*Information shown:*
_ _ _ _ _

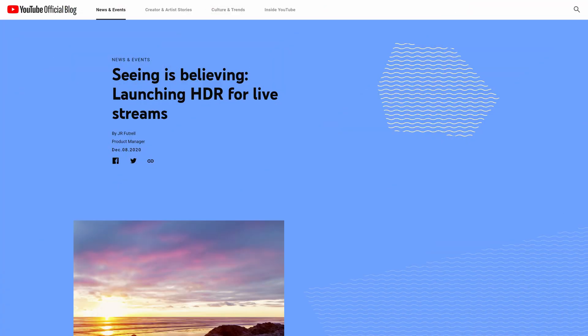YouTube has just released and rolled out HDR live streaming on their platform. This allows you, if you have a supported device and supported software, to stream in HDR for video games or even camera work, and then watch in HDR if you have a supported playback device as well. This is a little nuanced and complicated to get set up, given that not everything supports HDR and you can't use OBS, so we'll be talking about what you need and how to get set up in today's video.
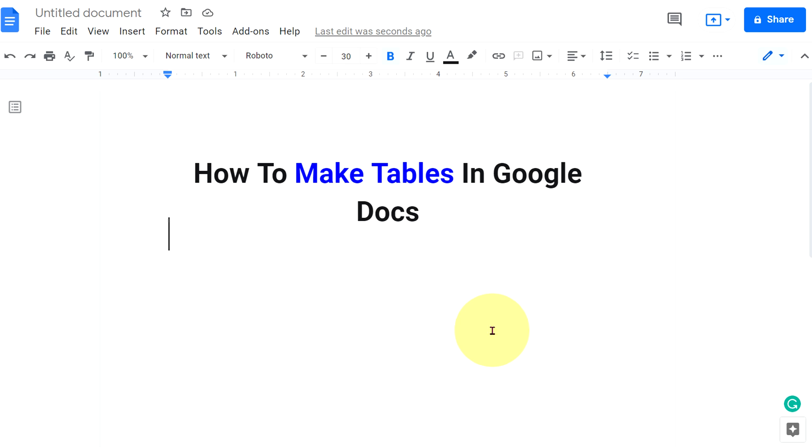In this video, you will see how to make tables in Google Docs. It's very easy. Let's get started.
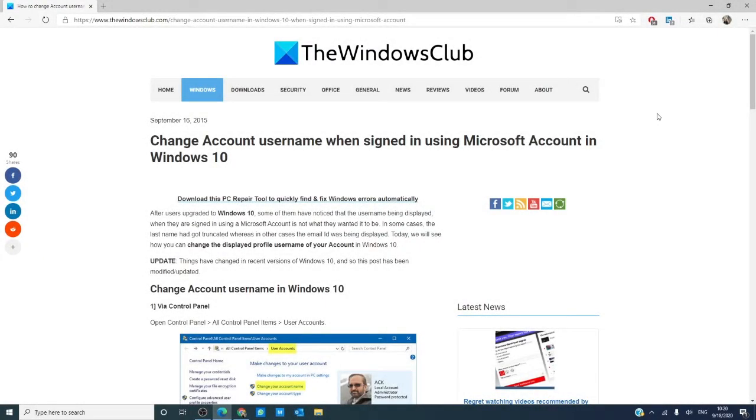Hello Windows Universe! In this video we are going to look at how to change your account username when signed in using your Microsoft account. As always, we will link an informative article in the description down below.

_ _ _ _ _

Output all the data, exactly, without images.

*Task result:*
YouTube has just released and rolled out HDR live streaming on their platform. This allows you, if you have a supported device and supported software, to stream in HDR for video games or even camera work, and then watch in HDR if you have a supported playback device as well. This is a little nuanced and complicated to get set up, given that not everything supports HDR and you can't use OBS, so we'll be talking about what you need and how to get set up in today's video.
In this video, you will see how to make tables in Google Docs. It's very easy. Let's get started.
Hello Windows Universe! In this video we are going to look at how to change your account username when signed in using your Microsoft account. As always, we will link an informative article in the description down below.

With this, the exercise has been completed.